The Torah explains that we have to relate to God, literally. Meaning, we have to understand our connection to the Creator as we would an intimate relationship: “And you shall love your God with all your heart” (Deuteronomy 6:5). The heart constitutes the sum total of one’s desires. I’m sure everyone’s heard of the term “follow your heart.” It’s not the muscle that pumps blood throughout the body to which I’m referring, but the seat of one’s inner deficiencies. Furthermore the Babylonian Talmud asks “What sort of (avodah) work is there in the heart?-Prayer (T’fila)” (Ta’anit 2a). It’s no cooncidence that prayer is understood to be the avodah shebalev (the work in the heart). It follows that if prayer is the work in the heart, and the heart is the summation of all one’s desires, then prayer is the work with one’s desires, their wants.

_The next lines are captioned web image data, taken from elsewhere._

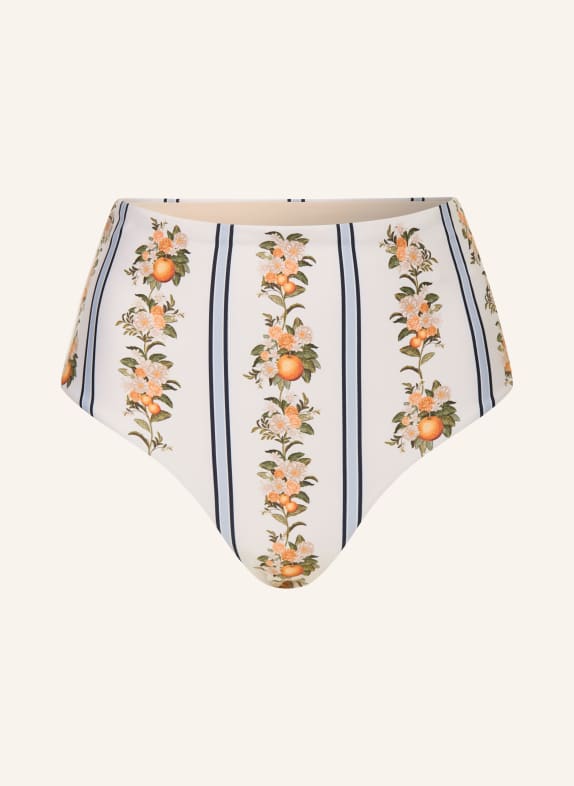 Agua by Agua Bendita High-Waist Bikini Bottom MAGENTA VALLE CREAM / BLUE GRAY / ORANGE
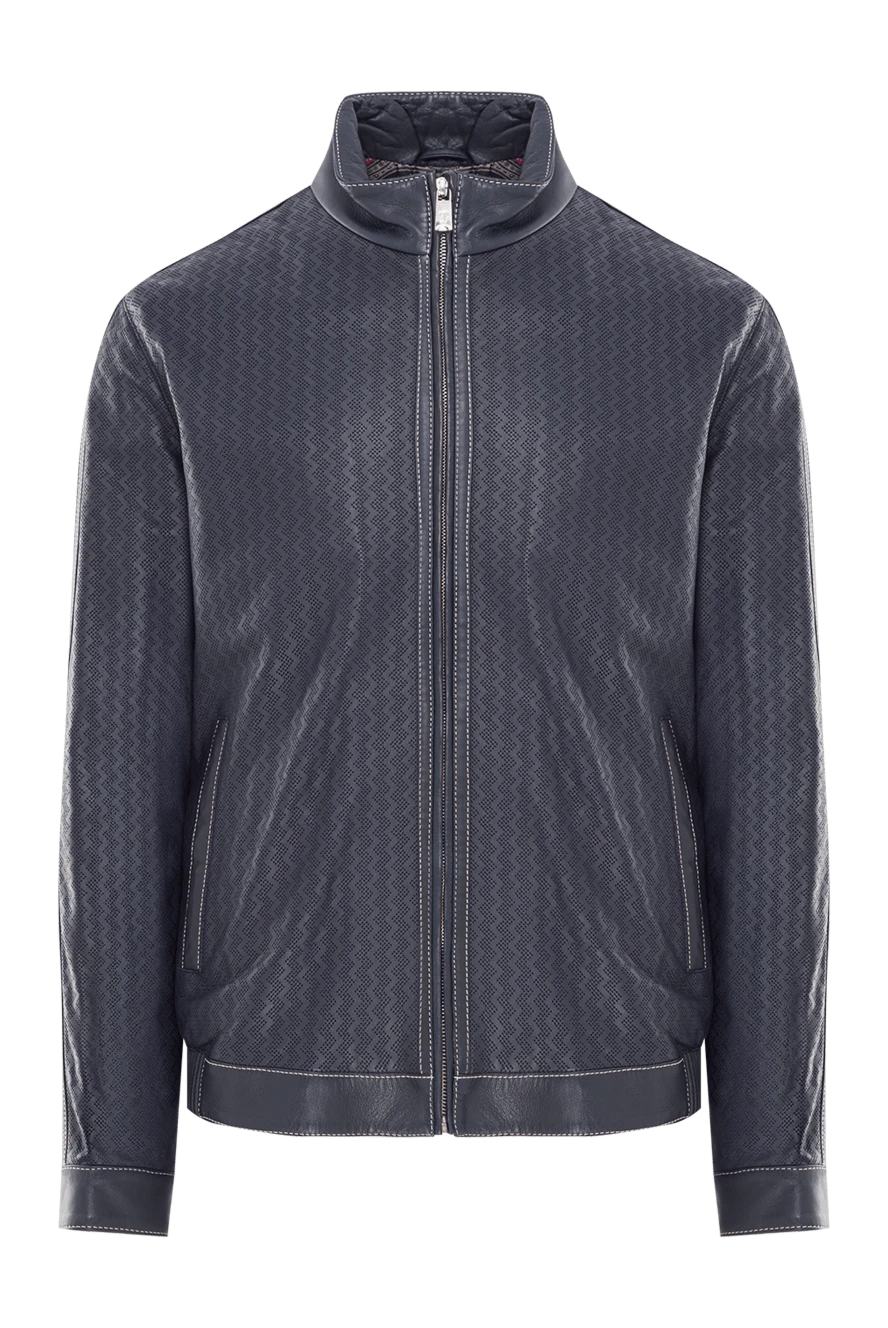 Torras куртка шкіряна синя з візерунчастою перфорацією чоловіча 155299 - фото 1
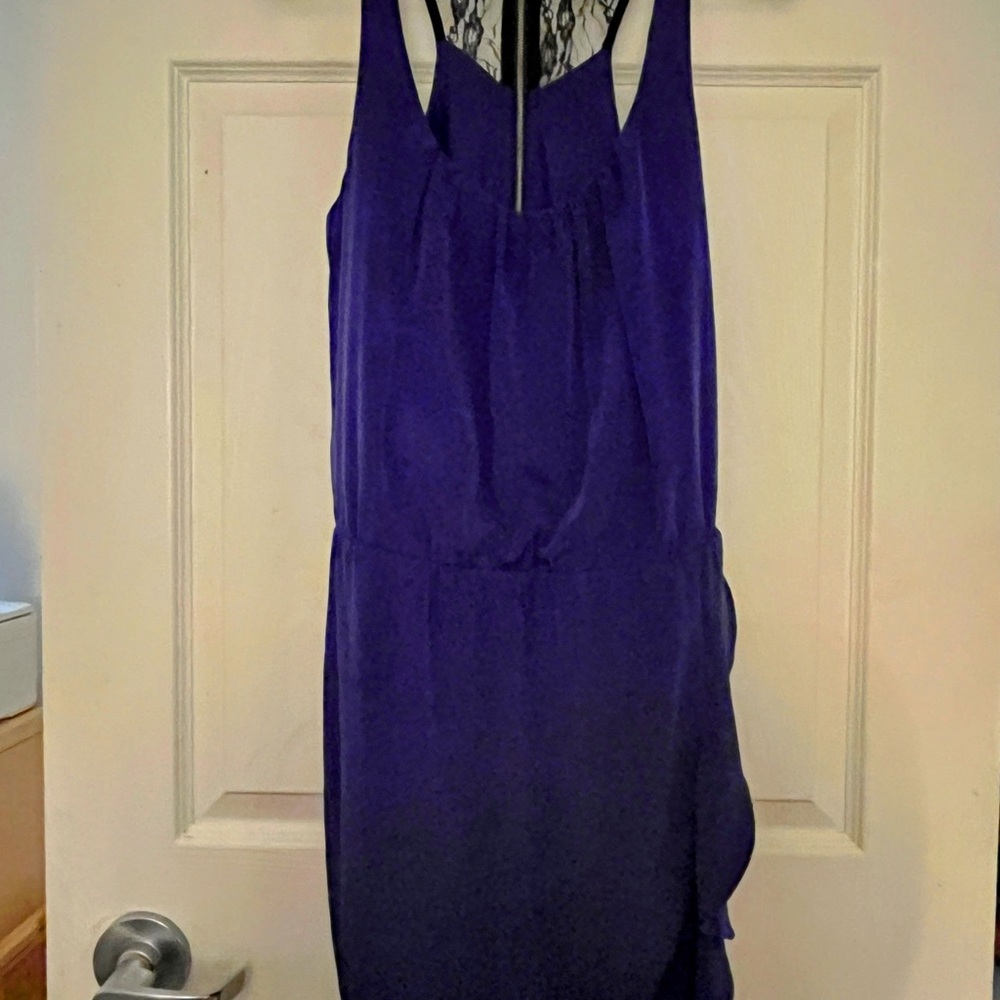 Collective Concepts Violet and Lace Detail Mini Dress Size Medium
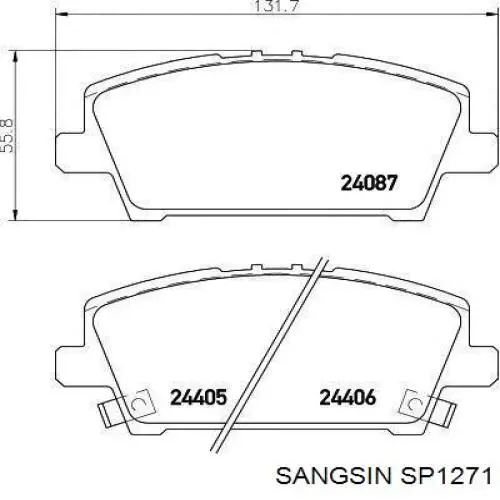 Передние тормозные колодки SP1271 Sangsin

What do we want? We want pleasure, satisfaction, a sense of wholeness…to feel good all the time, the greater the duration of the satisfaction the better. And we tend to fulfill ourselves by acquiring various forms of material pleasures (money, cars, partying, etc). But if we delve deep enough, we’ll understand that we really don’t want things. Rather, we want the fulfillment those things give us. Nobody wants a car, money, etc. We want the fulfillment the car, the money, or the partying will give us; the material we think we want is really a bridge to connect to a sensation that’s much deeper than the physical thing we acquire, it’s a non-physical sensation. What does a good feeling look like? What does it smell like? Does it have a color? The sensation of satisfaction is not physical, it’s spiritual. To reiterate, pleasure is an internal experience, which we acquire through external means, we delve into ourselves and our discernments and reach a state of bliss through an interaction with our surroundings. But what if we didn’t need the externality? What if we could connect to that inner delight within ourselves without the need for external means? Remember external means are just shells that cover an inner delight within ourselves that is then uncovered. We have to fulfill our desires in a different way. This is the work in the heart, the avodah shebalev, it is working with desires and filling them in a different way, by connecting to God, the energy and vitality for everything, and to connect to the Creator is synonymous to connecting to the source from which all pleasures are derived. Imagine the feeling, of boundless energy permeating you, you would forget what you asked for and pay attention to the the intimacy, the connection. Because the intensity of the pleasure exceeds the delight we’d acquire through external means.

Prayer was set forth to connect to HaShem, not to ask Him for stuff for the sake of getting stuff, but to have the opportunity to ask just to be close to Him. You don’t need the thing that you’re asking for, you only need it to the extent you can make contact with Him. We don’t pay attention to the reward, but rather the greatness and omnipotence of Giver of the reward (RABASH). That’s the beauty of prayer.